Alexa Clay: Acho que,
no fundo, é uma certa frustração com a importância que o cenário do
empreendedorismo dá a si mesmo. Especificamente no caso de empreendedores do
Vale do Silício, com o Mark Zuckerberg e onde todo mundo estava venerando o
Steve Jobs, como se ele fosse algum deus. Então foi meio uma piada dizer “vamos
ver outros tipos de empreendedorismo na economia informal, na economia do
mercado negro” e aí ficou um lance sério. Comecei a fazer toda essa pesquisa e
falei “uau, puta merda, essas pessoas são incríveis”. Elas têm tanta
criatividade, sabe, o que nós podemos aprender com alguns desses diferentes
grupos que não são estudados e conhecidos?
"A gente não foi
parte do processo de construção das instituições capitalistas que existem hoje,
que não são humanas. Estamos nos rebelando contra isso."
A economia dos
desajustados sempre existiu ou é um fenômeno da modernidade?
Um pouco dos dois.
Certamente sempre existiram histórias incríveis desses tipos de Robin Hoods, de
figuras fora-da-lei, excluídos. Estudei muito de história da economia, então
foi fascinante aprender sobre piratas, por exemplo, e como eles costumavam
criar constituições democráticas para governar seus navios. E também como no
século XVIII os EUA foram construídos por roubo de patentes. Os americanos roubaram
patentes de países europeus ocidentais e trouxeram para os EUA para comercializar.
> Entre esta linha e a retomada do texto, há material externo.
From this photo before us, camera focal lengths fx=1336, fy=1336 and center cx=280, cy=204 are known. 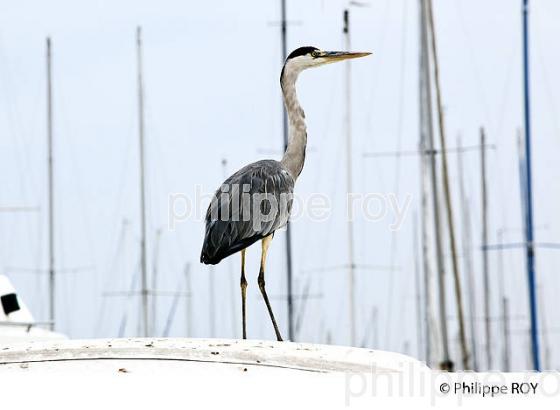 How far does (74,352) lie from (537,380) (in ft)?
5.64

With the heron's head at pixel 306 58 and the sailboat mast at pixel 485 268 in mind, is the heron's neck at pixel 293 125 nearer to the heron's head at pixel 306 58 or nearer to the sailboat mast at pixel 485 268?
the heron's head at pixel 306 58

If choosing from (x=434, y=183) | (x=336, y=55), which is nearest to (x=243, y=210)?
(x=336, y=55)

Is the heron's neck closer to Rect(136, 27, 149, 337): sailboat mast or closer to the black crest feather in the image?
the black crest feather

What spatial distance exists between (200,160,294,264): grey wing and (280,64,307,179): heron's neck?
1.78 ft

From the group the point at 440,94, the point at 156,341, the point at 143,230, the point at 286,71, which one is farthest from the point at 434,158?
the point at 156,341

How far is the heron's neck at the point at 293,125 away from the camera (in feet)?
36.2

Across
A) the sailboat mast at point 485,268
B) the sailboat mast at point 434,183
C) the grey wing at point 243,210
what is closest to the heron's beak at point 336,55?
the grey wing at point 243,210

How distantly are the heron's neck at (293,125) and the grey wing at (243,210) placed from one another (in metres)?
0.54

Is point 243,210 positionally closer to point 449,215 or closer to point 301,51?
point 301,51

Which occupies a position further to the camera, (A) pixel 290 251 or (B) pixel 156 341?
(A) pixel 290 251

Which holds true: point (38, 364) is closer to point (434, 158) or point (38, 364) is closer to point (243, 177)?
point (243, 177)

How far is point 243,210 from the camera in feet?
33.8

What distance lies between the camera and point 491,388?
15.1 feet

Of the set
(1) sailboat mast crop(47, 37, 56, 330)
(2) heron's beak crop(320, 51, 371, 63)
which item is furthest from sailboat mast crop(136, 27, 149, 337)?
(2) heron's beak crop(320, 51, 371, 63) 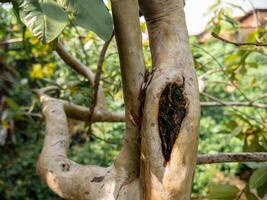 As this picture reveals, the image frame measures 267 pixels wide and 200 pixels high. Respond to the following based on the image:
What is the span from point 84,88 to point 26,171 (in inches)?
100

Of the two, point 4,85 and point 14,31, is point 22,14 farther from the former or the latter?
point 4,85

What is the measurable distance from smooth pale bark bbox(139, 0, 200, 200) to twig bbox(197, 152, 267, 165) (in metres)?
0.12

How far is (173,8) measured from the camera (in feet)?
2.49

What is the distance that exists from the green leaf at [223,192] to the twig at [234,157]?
25cm

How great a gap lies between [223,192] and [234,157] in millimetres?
271

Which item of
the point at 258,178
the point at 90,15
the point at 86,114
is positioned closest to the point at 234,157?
the point at 258,178

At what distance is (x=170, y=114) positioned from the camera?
71 cm

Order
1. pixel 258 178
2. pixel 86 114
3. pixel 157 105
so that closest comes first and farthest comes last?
pixel 157 105
pixel 258 178
pixel 86 114

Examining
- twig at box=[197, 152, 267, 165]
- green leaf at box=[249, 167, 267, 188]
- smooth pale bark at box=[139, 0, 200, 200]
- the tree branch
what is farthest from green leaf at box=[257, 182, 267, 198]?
the tree branch

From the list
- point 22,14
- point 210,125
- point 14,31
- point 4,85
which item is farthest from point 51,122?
point 210,125

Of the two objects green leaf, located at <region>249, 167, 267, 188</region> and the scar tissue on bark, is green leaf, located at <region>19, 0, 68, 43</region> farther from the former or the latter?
green leaf, located at <region>249, 167, 267, 188</region>

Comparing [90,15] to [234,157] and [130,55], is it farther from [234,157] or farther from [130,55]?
[234,157]

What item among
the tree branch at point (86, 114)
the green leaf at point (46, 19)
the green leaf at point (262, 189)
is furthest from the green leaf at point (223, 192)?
the green leaf at point (46, 19)

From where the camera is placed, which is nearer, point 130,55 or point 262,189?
point 130,55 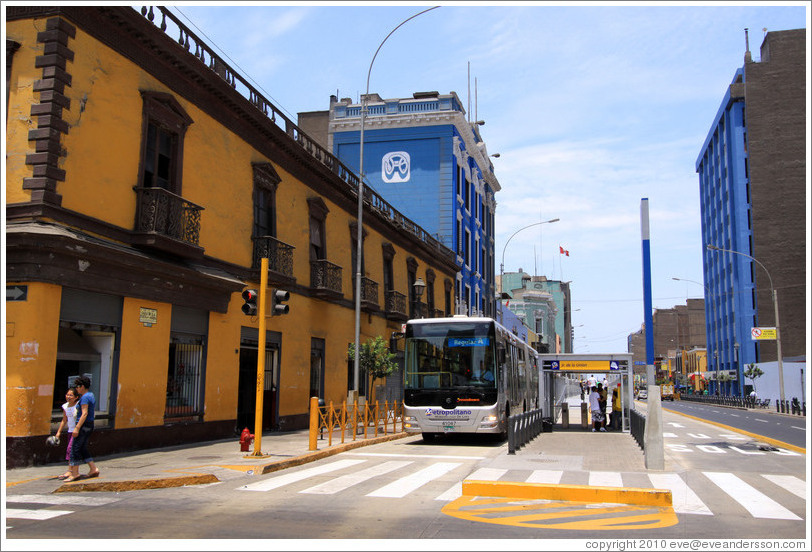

Totalmente ilegal. E esse foi o modo como os EUA se industrializaram. Então é
um pouco irônico que agora os EUA estejam dando lição de moral na China, no Brasil,
na Índia, países que têm uma flexibilidade de patente maior. Mas, sim, a
história do capitalismo é também a história da economia underground. Antes do
McDonald’s virar uma franquia a cada esquina, existia a máfia que fazia
franquias, as gangues que usam esses tipos de métodos de organização. Então eu
acho que as economias à sombra acontecem em momentos de transição da economia.
Já vimos isso antes, o crescimento da economia informal, especialmente no sul
da Europa, após a crise financeira. Mais e mais pessoas também sentem que não
querem trabalhar em instituições tradicionais. Então estão tentando ser mais
proativos.
É algo da geração
millenial?
Sim, porque acho que a
gente não foi parte do processo de construção das instituições capitalistas que
existem hoje, que não são humanas. Estamos nos rebelando contra isso. Faz parte
de uma abordagem geracional. Somos uma geração de muitas coisas, eu mesma sou
escritora, estrategista, professora. Você usa a máscara que você precisa para
cada situação.
Existe uma estimativa
do quanto essa economia move de dinheiro?
Sim, são 10 trilhões de
dólares. É muita coisa. Seria uma economia abaixo dos EUA, se você agregasse
todo o mundo. Em alguns países, é mais. 60% a 70% da economia do Quênia é
informal, por exemplo.
A economia dos
desajustados está sempre ligada a questões ilegais?
Não. Entrevistamos
muita gente interessada em economia alternativa. Grupos hackers, por exemplo.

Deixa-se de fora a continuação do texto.